Chances are, if you're living in the United States, you are operating on some level of depression. Maybe it's not a medical thing or brain chemical issue, but you aren't exactly happy every day. This is especially true if you are creative, sensitive, empathic or “woke”. You're dream job turned out to be a nightmare. You had some health issues and now the bills are piling up. You read about #pizzagate and worry if it's true. It's winter in g#&*%amn Minnesota and Prince is dead. Could be any of these things.
I was at the doctor today and was struck once again by how im-person-al the whole experience was. We treat the body and forget the soul inside. Unfortunately the medical system is a microcosm for how we operate in this society in general. We treat the body, we teach the brain, we feed ourselves with food-like substances and call it good.
You didn't choose any of this. You didn't come in to your earth experience saying, “Gee, I hope we're going to use the factory-style German school model from the 1800s!” or “I hope we trade time for money!” You didn't choose the 8-5, 6, whatever deadline-you're-on corporate expectation. That was already here. You didn't choose your white privilege or your experiences with racism or being disabled (well perhaps, if you believe in soul contracts, but that's another blog). And yet here you are, waking up every day, with strangers telling you to smile (if you're a woman) or to “be a man” (whatever that means). There is a code of what is an acceptable hobby (watching football at a bar, drinking alcohol, which you may love or hate, luck of the draw). There is a dominant paradigm. Chances are, it's bumming you out.

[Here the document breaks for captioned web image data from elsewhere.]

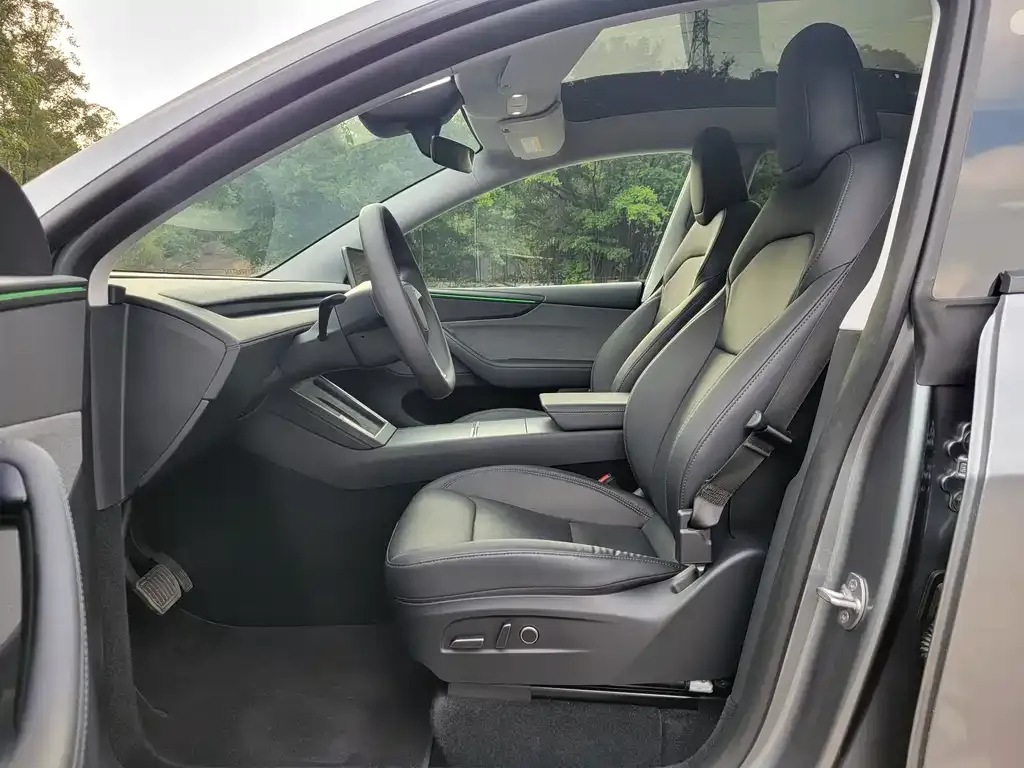 Tesla Model Y — фото 8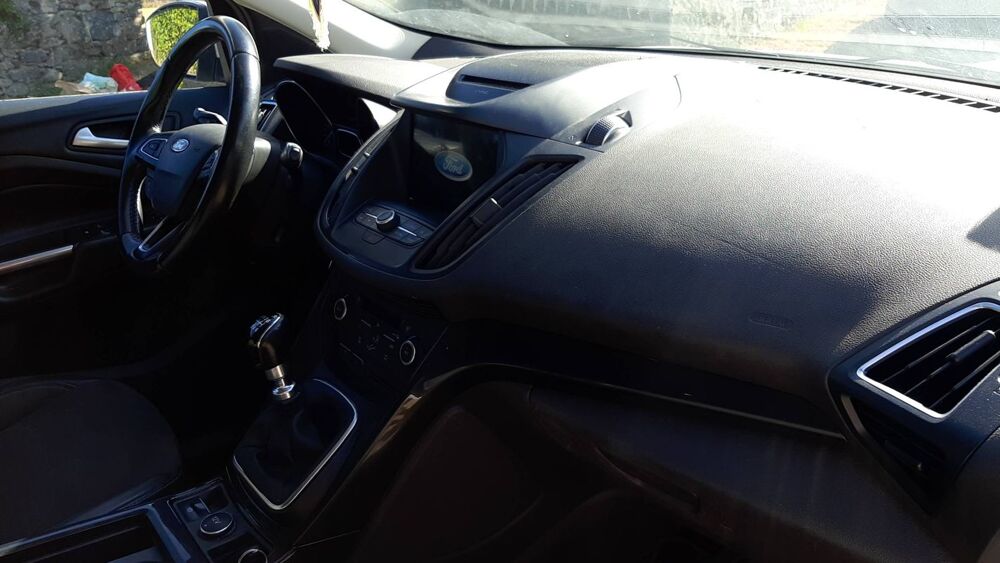 Kuga 1.5 TDCi 120 Business 2017 occasion 15130 Arpajon Sur Cere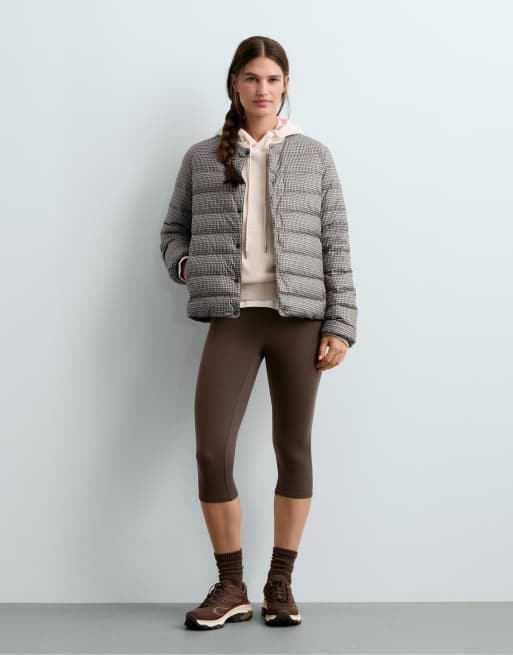 OYSHO 100 % packbare Daunen-Steppjacke in staubigem Taupe, 2 von 5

And then you have people telling you to “Live your bliss” and “Follow your passion”. Excuse me? I haven't even opened my mail in a week and you want me to follow my bliss? Don't you know it's tax season?? Many people aren't even able to HEAR what they want over the cacophony in their mind and the years of trying to simply deal with a culture that was created in another time, for another kind of person. We have evolved beyond our culture, and culture has not caught up. This makes us feel weird and alone. But we are not. We are perfectly human, lovable, sensitive, talented, curious people in a new era that we are here to help ascend.
You hear people say they feel like they were born at the wrong time, or like they just don't fit in, or maybe they say nothing and stay home for the 30th time in a row, because going out in these conditions is depressing. They'll never tell you that though, because we're all faking it for each other. We say we're not normal, we're weird, we even have to move to places like Portland and Austin to be okay with being weird. The “cool kids" at each high school number around 10-20, and they supposedly represent the norm, the ideal. But if only 20 kids are 'normal' at each school, what does that make the rest of us? The majority, that's what. We are the definition of the norm, because we DON'T conform to outdated standards of conduct, dress, or socialization.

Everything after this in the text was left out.